The Lower East Side tenement museum in Manhattan has a monthly event called the Lower East Side: Stories. Last night’s theme was “Down and Out in New York City”. People came up on stage to tell 3-minute stories about living in New York and being broke. Their yarn will speckle our show today. Marine Olivesi brings them to us. This is the first.
NARR: Both professional story tellers and regular people talked about how to be, as the yeddish expression goes, a luftmensh.
WEISBERG: Does anyone knows what’s a luftmensh by the way? Raise your hand if you know what’s a luftmensh!
MAN: Someone who can like make a living out of the thinest bits of whatever...

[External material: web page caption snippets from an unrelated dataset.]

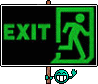 exit10.gif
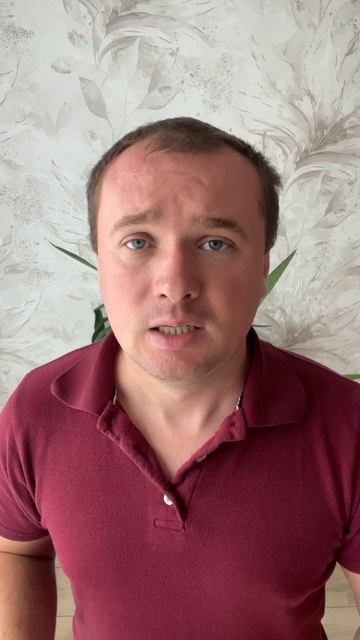 Наставник в начале своего дела 💸 #своедело #бизнесснуля #бизнес смотреть онлайн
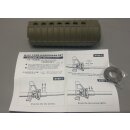 Handguard Guarder M4-A1-06 f&uuml;r M4/M16 Oliv mit...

WEISBERG: Yeah, someone who kind of gets by. Someone who doesn’t really have a real talent but has a talent for getting by.
NARR: Max Weisberg is a tour guide at the Lower East Side museum. The typical luftmensh, he says, was his grandfather. Living in New York during the great depression, he was a movie fan, but couldn’t afford this indulgence.

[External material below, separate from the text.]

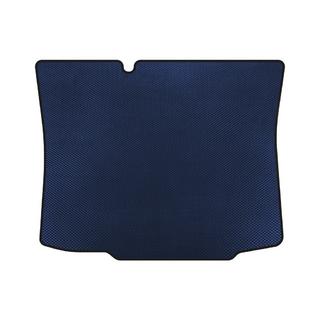 Tappetino bagagliaio EVA (HB, 3 porte, Blu) Audi A3 1996-2003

WEISBERG: He would take a piece of aspirin and take a glass of water and walk up to the front of the ticket counter and say, “that’s for the manager”. That got him in to more, I kid you not, got him to more movies in 1930s than any rich person in New York.
NARR: Weisberg says things started looking up for his grand father toward the end of depression when he began to work in real estate.